Material provided:

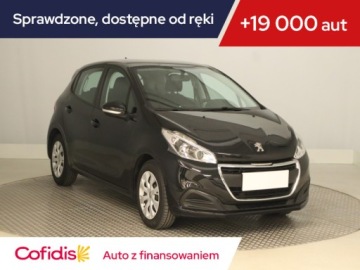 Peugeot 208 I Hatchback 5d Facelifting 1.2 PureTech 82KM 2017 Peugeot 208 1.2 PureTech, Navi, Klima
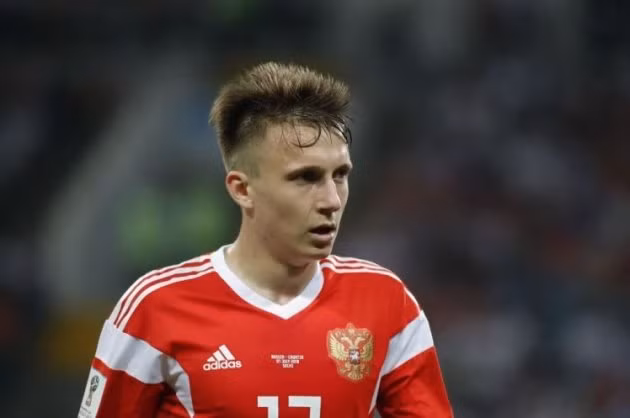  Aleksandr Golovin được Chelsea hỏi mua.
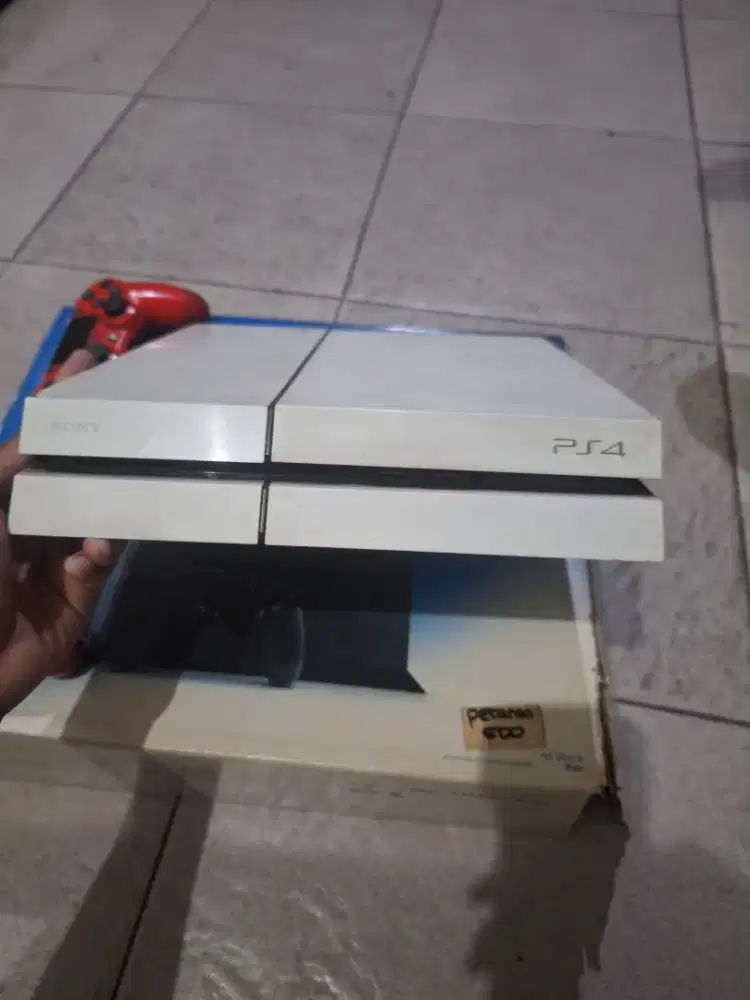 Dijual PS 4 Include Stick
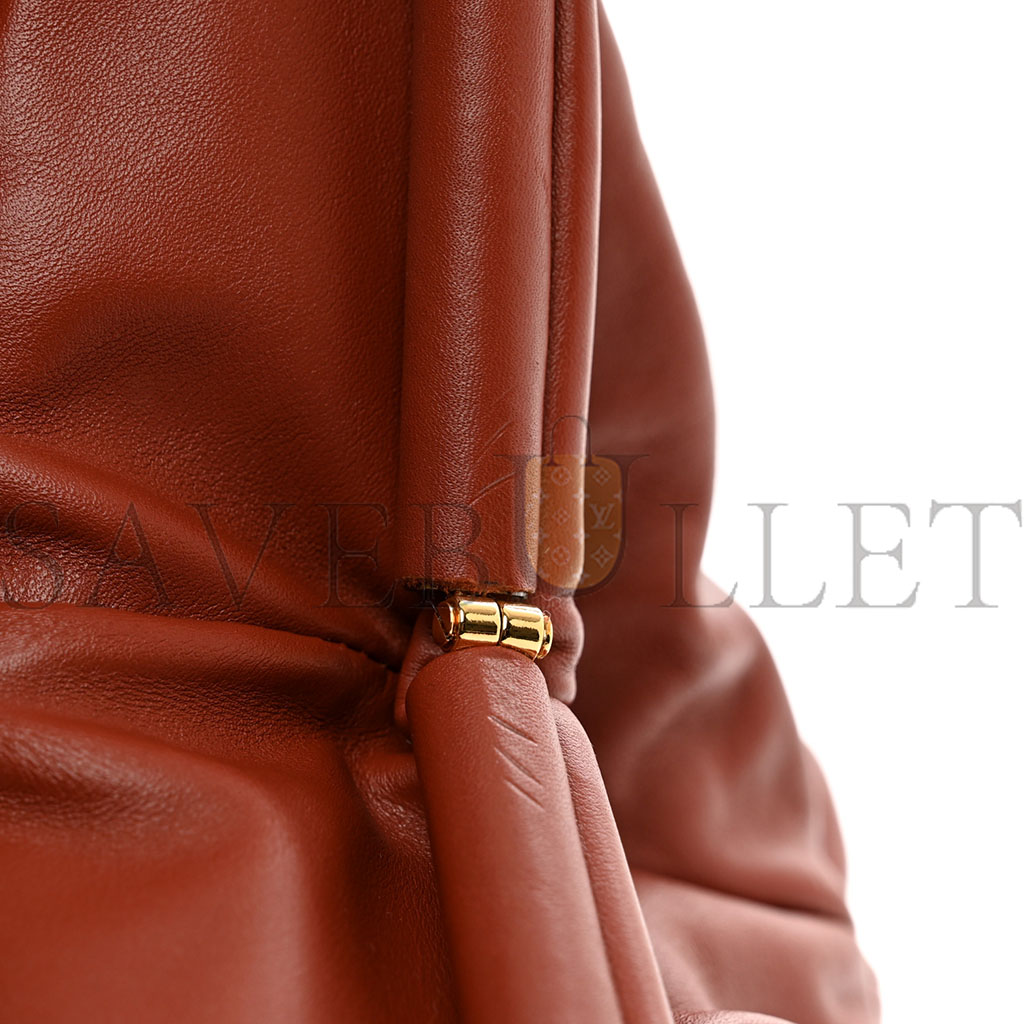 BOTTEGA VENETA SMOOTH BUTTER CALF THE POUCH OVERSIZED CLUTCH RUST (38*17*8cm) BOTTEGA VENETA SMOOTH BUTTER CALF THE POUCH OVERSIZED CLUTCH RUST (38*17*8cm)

Problem: When you copy the lines above, drop the pictures and keep everything else exact.

Response to the exercise:
 Peugeot 208 I Hatchback 5d Facelifting 1.2 PureTech 82KM 2017 Peugeot 208 1.2 PureTech, Navi, Klima
  Aleksandr Golovin được Chelsea hỏi mua.
 Dijual PS 4 Include Stick
 BOTTEGA VENETA SMOOTH BUTTER CALF THE POUCH OVERSIZED CLUTCH RUST (38*17*8cm) BOTTEGA VENETA SMOOTH BUTTER CALF THE POUCH OVERSIZED CLUTCH RUST (38*17*8cm)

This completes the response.